WHAT YOU WILL DO> Leaving out every picture, please repeat exactly the line that contains "AJC Engagement Ring" and each line after it through the final line below.

★ ★ ★ ★ ★

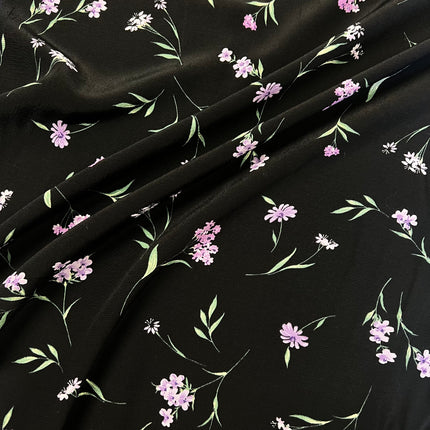 *NEW* Veronica | Black | Poly Dress Fabric - Hollies Haberdashery UK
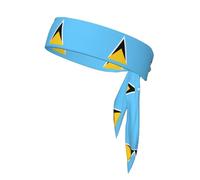 Flag Of Saint Lucia Sweatband Headband Absorb Sweat Elasticity Breathable For Running Outdoor Exercise Four Seasons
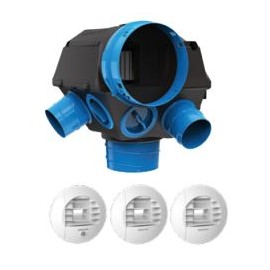 Kit VMC Hygrocosy - Simple flux hygroréglable - 231m³/h - 22dB - avec 3 bouches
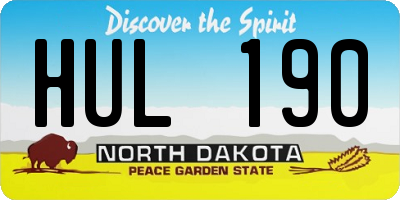 ND license plate HUL190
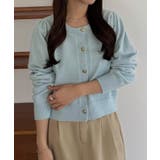 callautia 金ボタンパフスリーブショートニットカーディガン | JUNOAH | 詳細画像33 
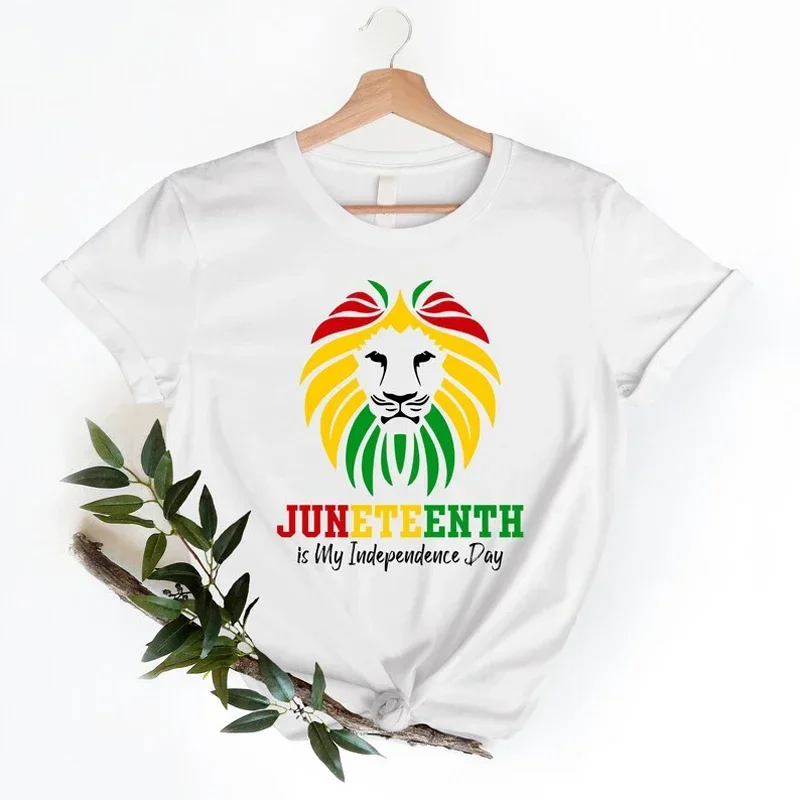 Juneteenth Is My Independence Day Slogan Tee Fun Cartoon Lion Graphic Tops Melanin Cotton Lady Top Custom T-shirt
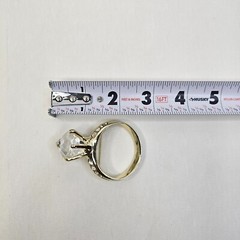 AJC Engagement Ring Brooch Gold Tone Clear Rhinestone Vintage Jewelry Pin
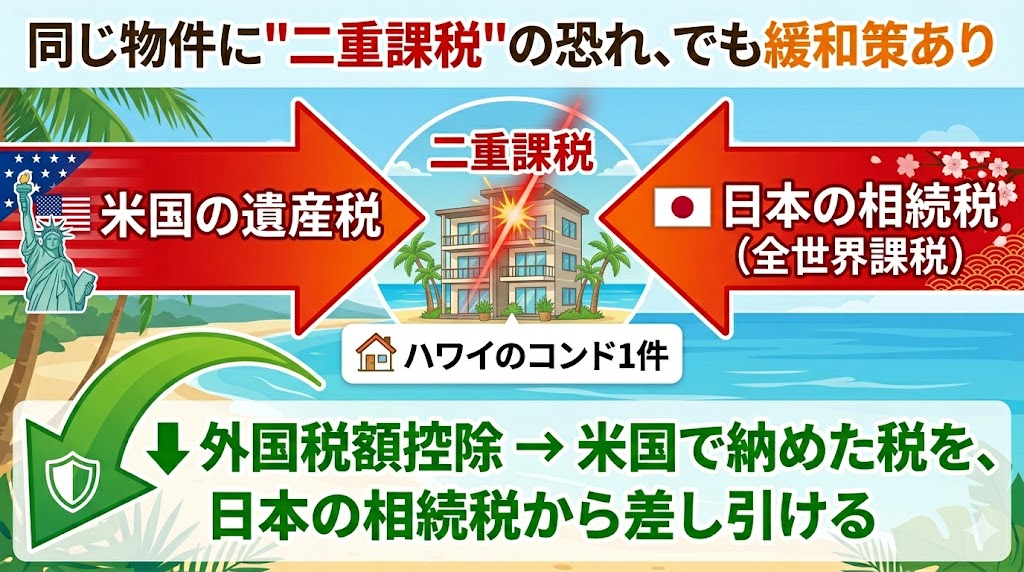 ハワイ不動産にかかる日米二重課税と外国税額控除の仕組みを示した図解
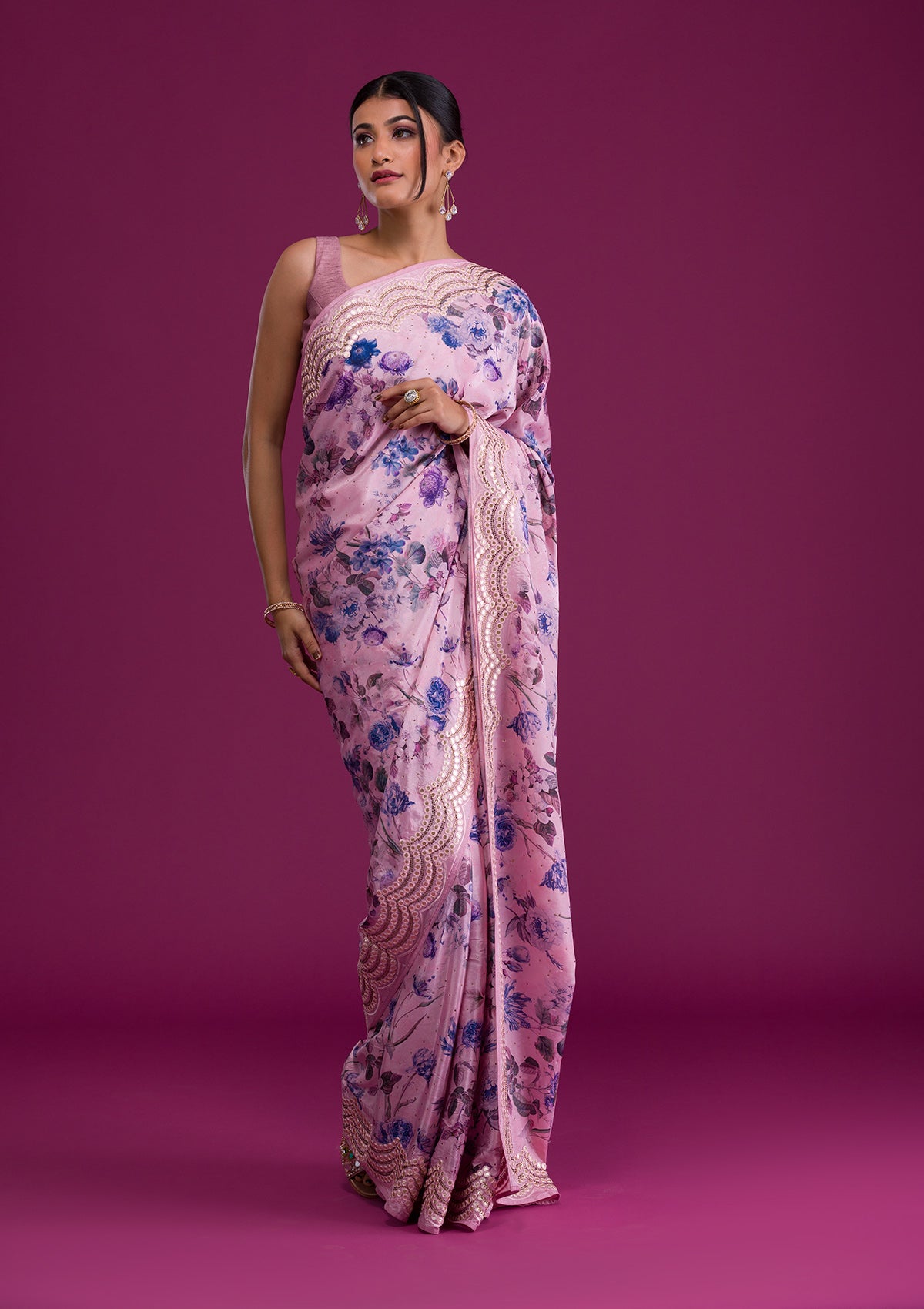 Mauve Printed Semi Crepe Saree-Koskii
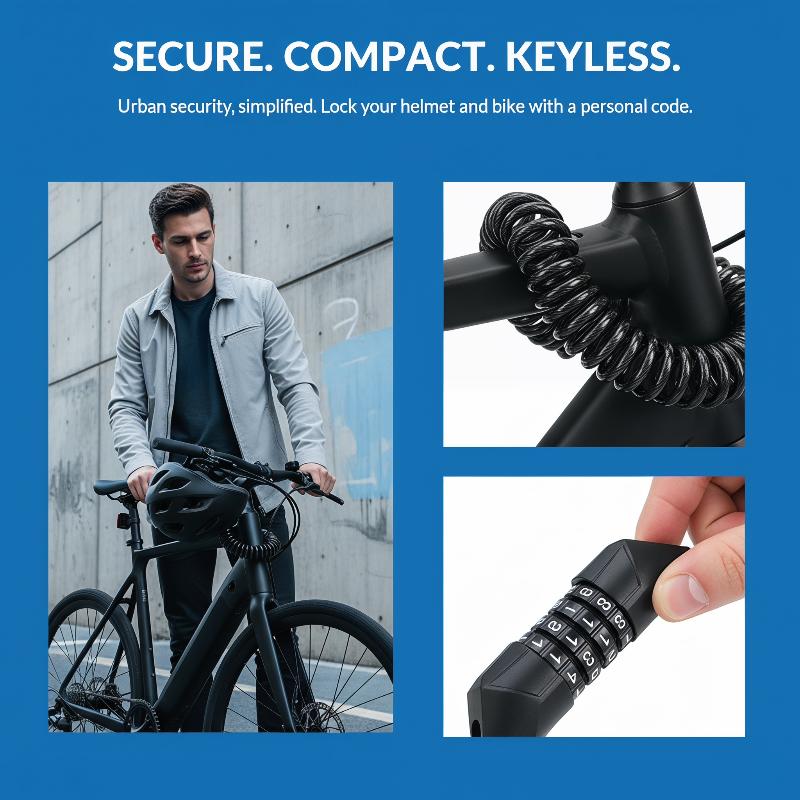 新型バイク・自転車用盗難防止チェーン 4桁パスワード式コンビ - Bicycle Chain のレビューと価格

★ ★ ★ ★ ★

REPLY TO THE TASK>
 AJC Engagement Ring Brooch Gold Tone Clear Rhinestone Vintage Jewelry Pin
 ハワイ不動産にかかる日米二重課税と外国税額控除の仕組みを示した図解
 Mauve Printed Semi Crepe Saree-Koskii
 新型バイク・自転車用盗難防止チェーン 4桁パスワード式コンビ - Bicycle Chain のレビューと価格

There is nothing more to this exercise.